[D-G] deleuze and benjamin on violence

hwenk hwenk at web.de
Wed Mar 29 00:05:34 PST 2006


Hello,

Law is made to exclude violence,
that doesn't change from the days of Spinoza.
So a discussion on violence used against the state has
to take this in account.
This is what I missed.
It is not good to play around with the idea of pure violence.


I don't know which book of Spinoza you read, but reason is not bound to
logos in Spinoza but to "adequate ideas". The theme of ideas was the great
achievement of the 17th century philosophy and ended up
in turning philosophy almost completely in a theory of scientific knowledge.
Now in the 17th century Descartes, Spinoza, Locke, Hume and a few other
brought up the philosophical foundation of our modern society.
This included metaphysical, psychological, political and
economical concepts.
So if you want to know something more substantial of the foundations of our
society and man in general, sooner or later you will come to this time and
this philosophers.
In most modern philosophical discourses like Wittgenstein or Heidegger or
even Kant and Hegel
these discussion are supposed to be well known. This is, of course, nowadays
not the case.
Therefore philosophy got a little bit academic and hard to understand.
This can be helped by the reading of the originals, where Spinoza indeed is
very hard to grasp.
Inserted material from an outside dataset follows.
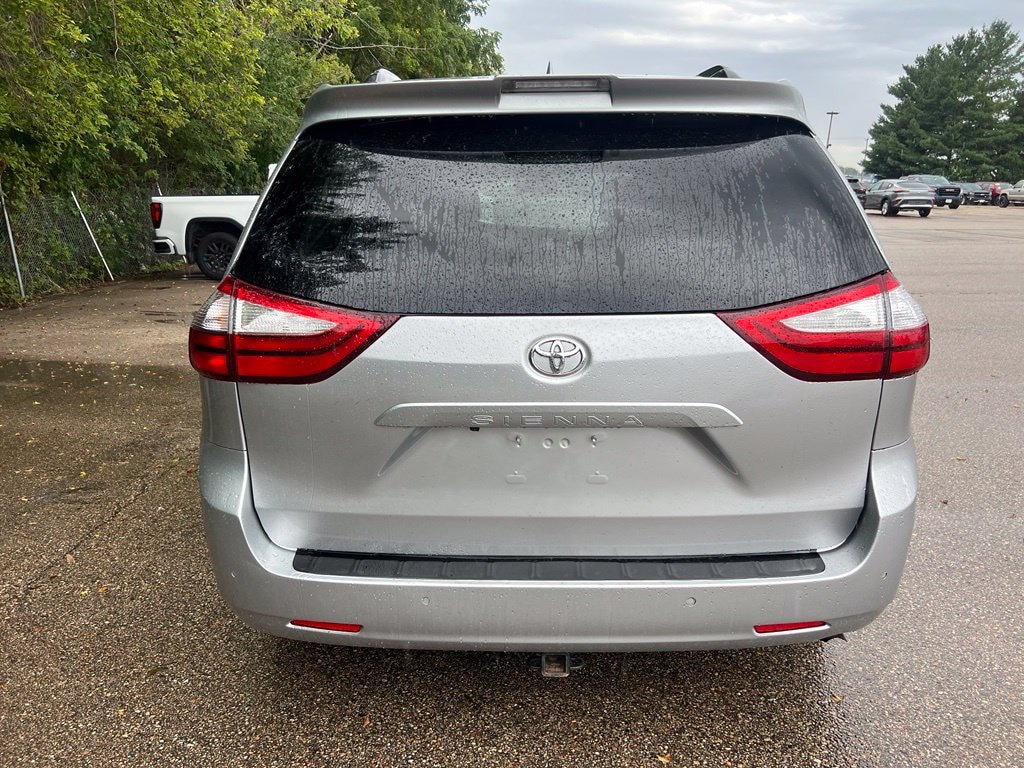 Used 2020 Toyota Sienna XLE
This is especially because his architecture of
attributes of thinking and expansion is not like attributes or adjectives in
language.
This is also pointed out in Deleuze book on Spinoza.
So it a kind of thinking surpassing ordinary language by
the resources of logic, mathematics and classical philosophy including
scholastic and religion.

Now if you like to think about the real problems of people or anything else,
this is a good source.

greetings Harald Wenk

-----Original Message-----
From: deleuze-guattari-bounces at lists.driftline.org
[mailto:deleuze-guattari-bounces at lists.driftline.org]On Behalf Of NZ
Sent: Dienstag, 28. Marz 2006 18:07
To: deleuze-guattari at lists.driftline.org
Subject: Re: [D-G] deleuze and benjamin on violence


so indeed we are talking of 2 different discussions... I am trying to
stay within the drift of wbenj's essay, which, in my opinion, does not
attempt to explain this type of passionate inter-personal violence
(re: "natural law") that you are discussing (do you think "natural
law" is more interesting to talk about then "positive law"?), and
instead he spends most of the essay developing how violence is
inherent to law/logos (I am at least trying to extend his drift into
logos specifically), as he moves forward so as to talk about
mythic-law-creation.

In terms of Spinoza's ethics-of-passions, the violence that I see,
comes from the mere act of defining the internal space of man in the
manner inwhich Spinoza has done. This kind of law-making violence
(so-called ethics) which spinoza uses to attack the nebulous nature of
human identity, really culminates in freudian psychology, their aim to
pin the subject down, code it, and control(destroy) it, as a modern
project of capitalism (re: anti-oedius). The "self-defence," that you
speak up is a secondary step (in terms of the freudian-type theories
of emotional energy constants internally) - wherein the subject can
only resort to violence... against violence. [Please dont think that I
am eagar to start punching and shooting people for fun, that is not
what I would like to spend my time defending myself against as there
is much to get into here, as you acknowledge....]
So,  It is an acknowledged second step, which is why it is protected
by "positive law" (re: benj.'s "c.p.violence") Wbenj. has some
interesting (too brief) passages that describe these complicated steps
and how they work together and how they are also at odds... like the
part where he talks about "techniques" of arbitration and confrence.
Seems to me that "technique" is very important in regards to violence
control.
One of the key aspects of Spinoza, in my opinion, is the application
of coded action, prescripted action. It becomes like witchcraft where
the blessed reader/user can de-fer a "true" conscious-intelligence,
and instead default to a one-dimensional code. For Spinoza, the truth
understanding principle is limited to logos-centered code... it is no
long language dialog, as Spinoza cannot come to agreement with the
world around him and must spend is time violently defending himself...
and since his work was made illegeal by various religious instituions
of the time, this violence now gets directed at the reader of
modernity and thereby "incorporated" into the cannon of soveriegnty.